Exercise description >> In the material below, the lines from the one containing "ISO50001 エネルギーマネジメントシステム 基本知識と導入法 基本知識と導入法" through the one containing "エステー ムシューダ ダニよけ" are to be given again exactly, ends included, and no others.

Source material >>
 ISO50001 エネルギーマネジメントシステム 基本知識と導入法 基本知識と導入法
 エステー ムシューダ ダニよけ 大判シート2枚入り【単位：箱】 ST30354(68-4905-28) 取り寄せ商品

==

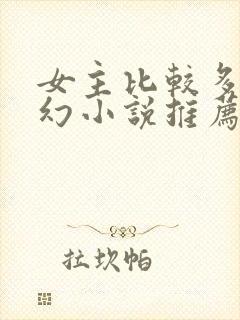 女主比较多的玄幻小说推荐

Written reply >>
 ISO50001 エネルギーマネジメントシステム 基本知識と導入法 基本知識と導入法
 エステー ムシューダ ダニよけ 大判シート2枚入り【単位：箱】 ST30354(68-4905-28) 取り寄せ商品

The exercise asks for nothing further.